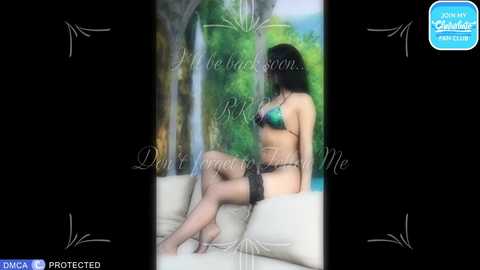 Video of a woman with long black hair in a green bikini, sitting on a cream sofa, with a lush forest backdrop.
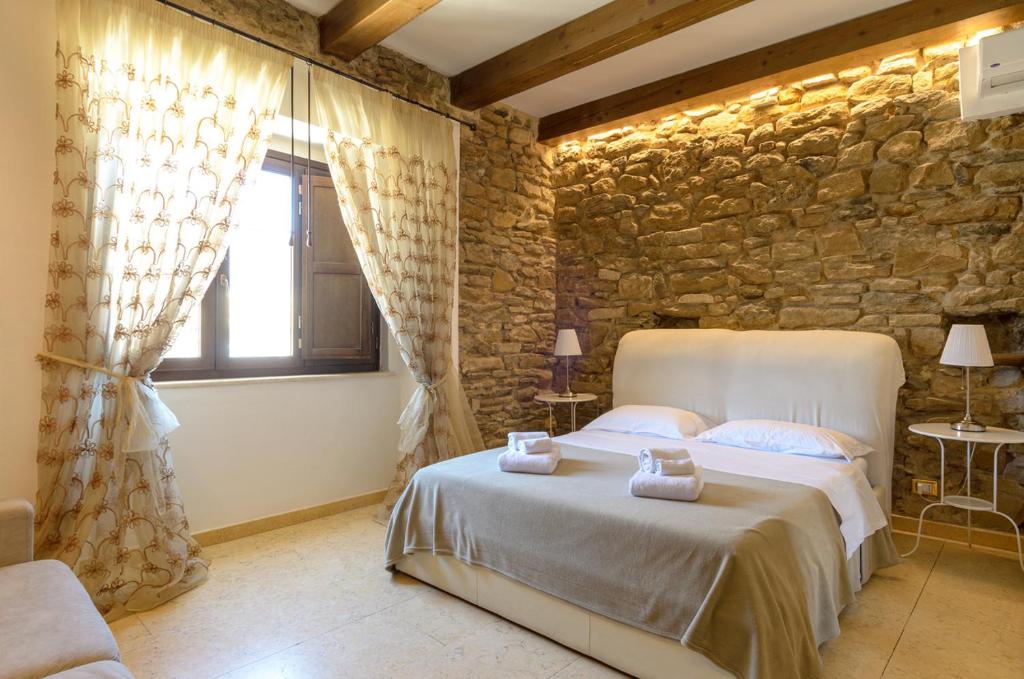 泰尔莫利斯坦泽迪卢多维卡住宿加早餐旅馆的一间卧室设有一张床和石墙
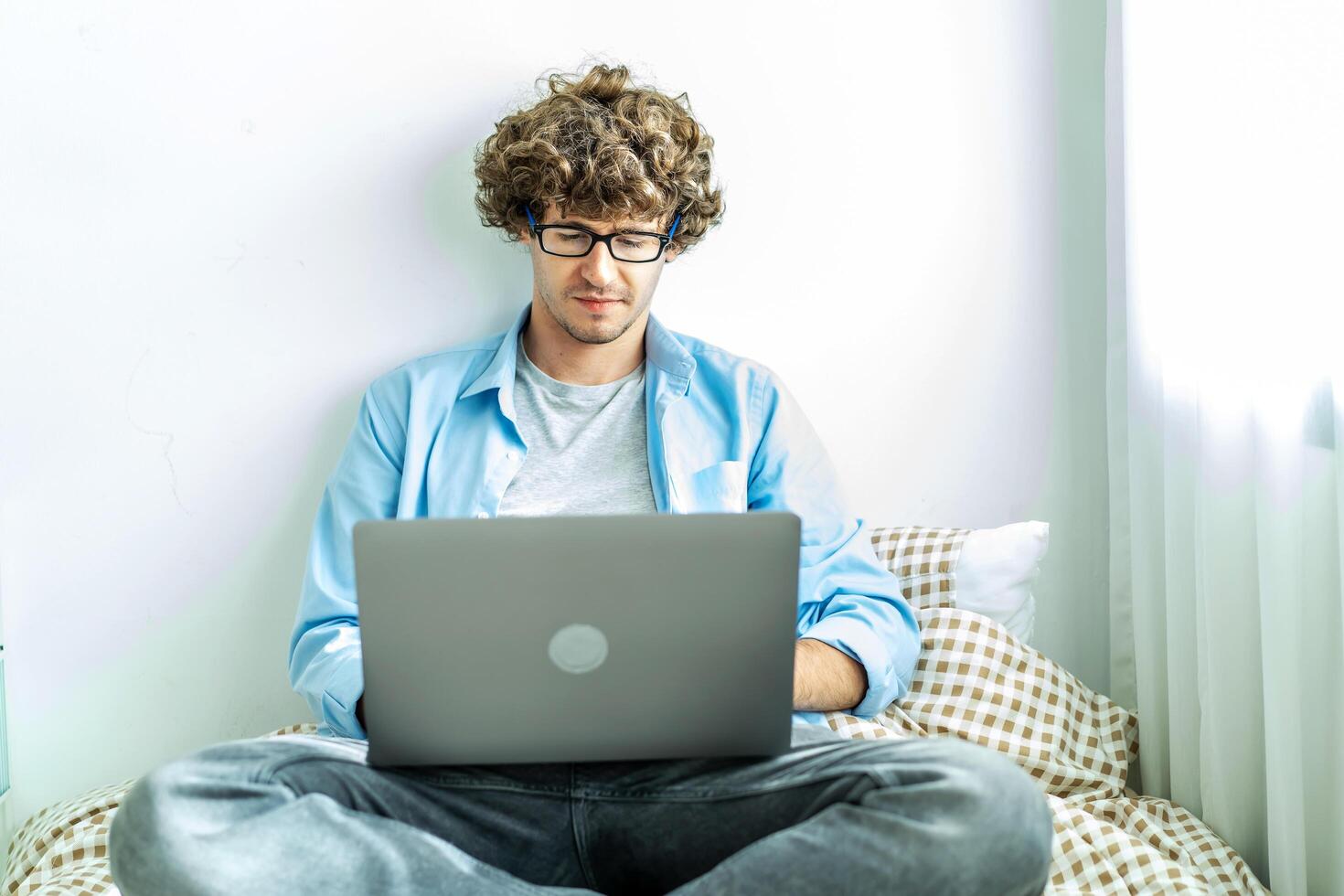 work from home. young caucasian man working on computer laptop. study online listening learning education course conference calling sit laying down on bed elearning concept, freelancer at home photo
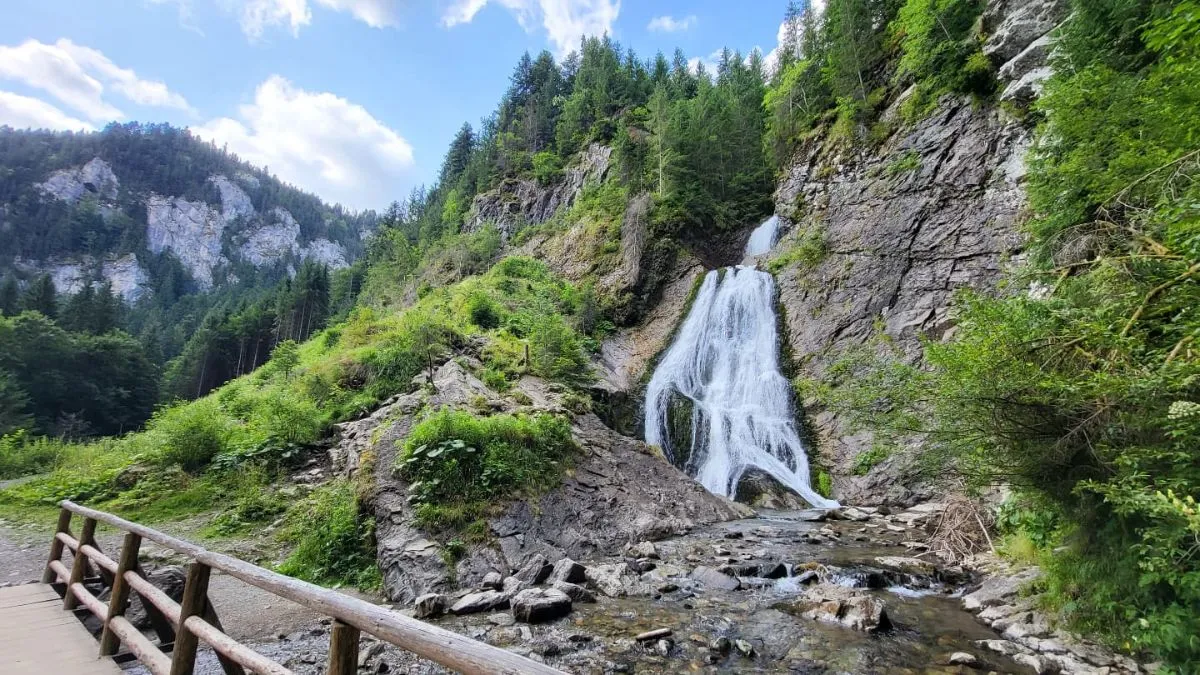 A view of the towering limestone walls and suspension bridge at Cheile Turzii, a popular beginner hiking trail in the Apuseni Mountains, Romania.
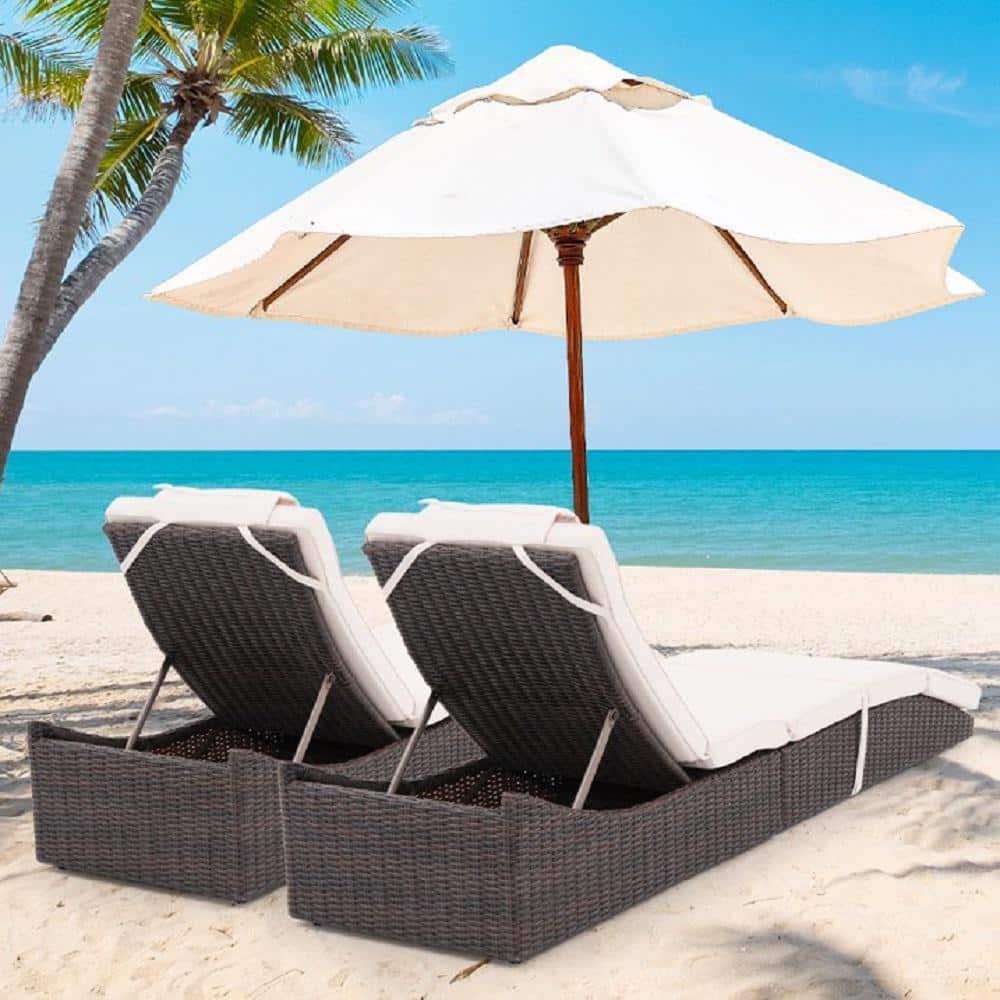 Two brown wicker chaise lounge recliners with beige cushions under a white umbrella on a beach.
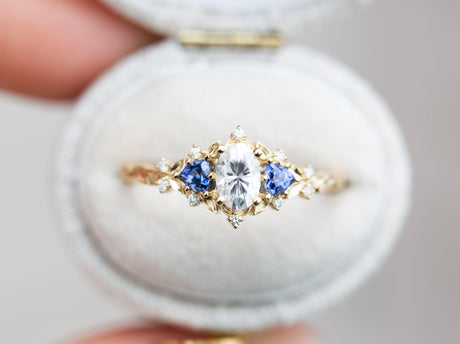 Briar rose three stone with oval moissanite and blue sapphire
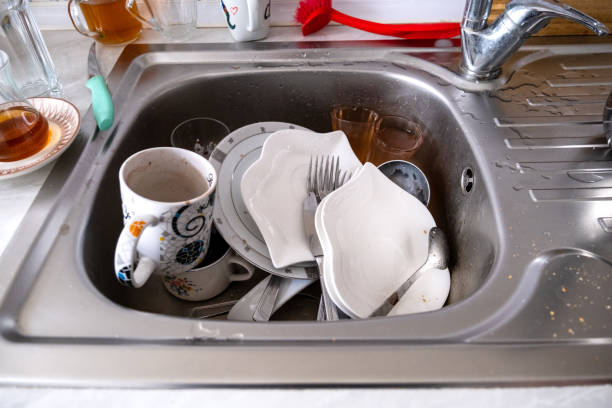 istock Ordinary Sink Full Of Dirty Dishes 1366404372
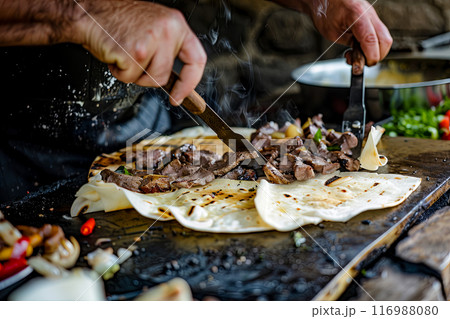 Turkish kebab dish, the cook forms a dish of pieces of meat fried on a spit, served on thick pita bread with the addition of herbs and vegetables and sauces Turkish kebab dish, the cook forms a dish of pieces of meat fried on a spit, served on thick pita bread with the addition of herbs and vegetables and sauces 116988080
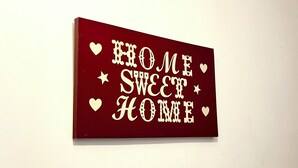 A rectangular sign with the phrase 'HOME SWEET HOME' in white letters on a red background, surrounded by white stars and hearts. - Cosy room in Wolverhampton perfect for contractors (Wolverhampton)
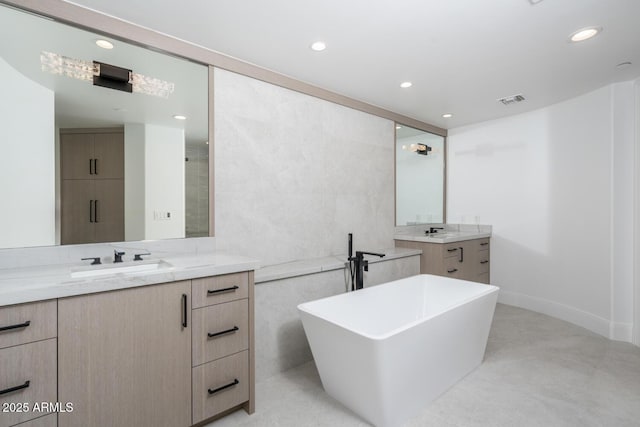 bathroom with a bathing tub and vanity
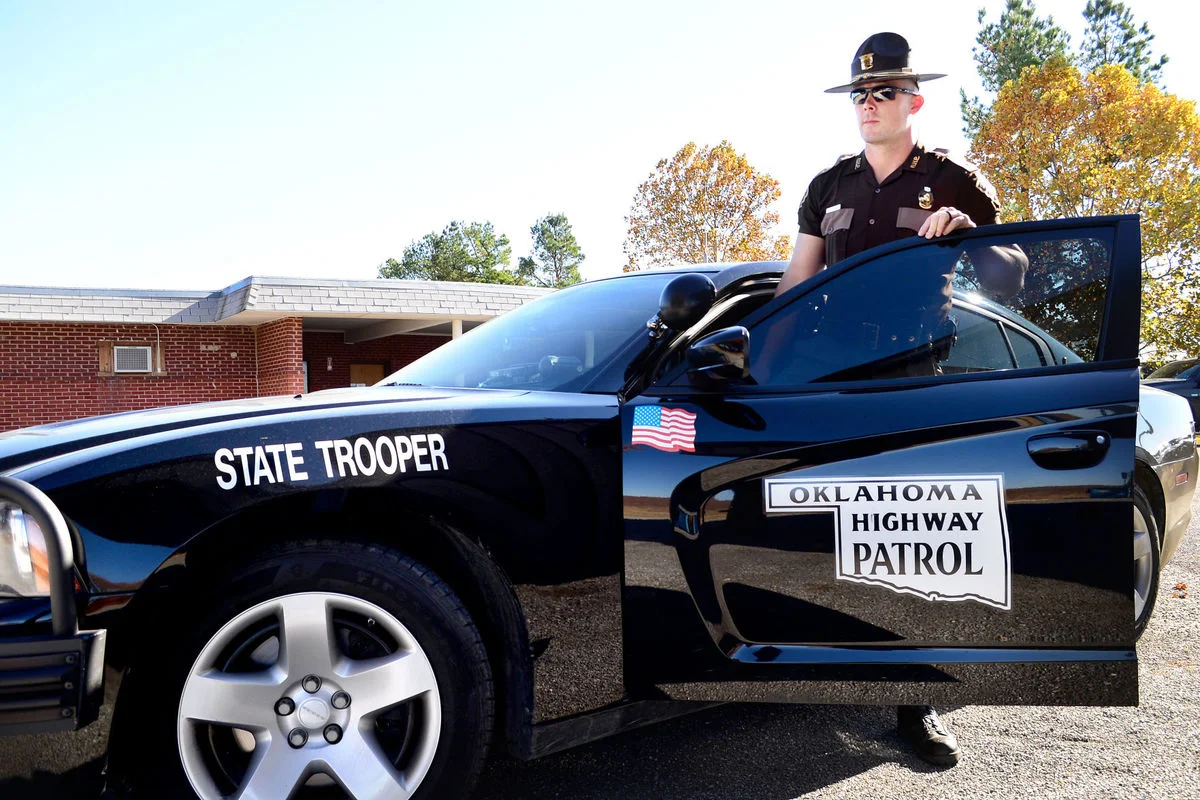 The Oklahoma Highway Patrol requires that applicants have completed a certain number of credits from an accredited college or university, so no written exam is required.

┄┄┄┄┄┄┄┄┄┄

_Task prompt_. Pictures are to be excluded; all other material must be transcribed exactly.

_Worked solution_.
 Video of a woman with long black hair in a green bikini, sitting on a cream sofa, with a lush forest backdrop.
 泰尔莫利斯坦泽迪卢多维卡住宿加早餐旅馆的一间卧室设有一张床和石墙
 work from home. young caucasian man working on computer laptop. study online listening learning education course conference calling sit laying down on bed elearning concept, freelancer at home photo
 A view of the towering limestone walls and suspension bridge at Cheile Turzii, a popular beginner hiking trail in the Apuseni Mountains, Romania.
 Two brown wicker chaise lounge recliners with beige cushions under a white umbrella on a beach.
 Briar rose three stone with oval moissanite and blue sapphire
 istock Ordinary Sink Full Of Dirty Dishes 1366404372
 Turkish kebab dish, the cook forms a dish of pieces of meat fried on a spit, served on thick pita bread with the addition of herbs and vegetables and sauces Turkish kebab dish, the cook forms a dish of pieces of meat fried on a spit, served on thick pita bread with the addition of herbs and vegetables and sauces 116988080
 A rectangular sign with the phrase 'HOME SWEET HOME' in white letters on a red background, surrounded by white stars and hearts. - Cosy room in Wolverhampton perfect for contractors (Wolverhampton)
 bathroom with a bathing tub and vanity
 The Oklahoma Highway Patrol requires that applicants have completed a certain number of credits from an accredited college or university, so no written exam is required.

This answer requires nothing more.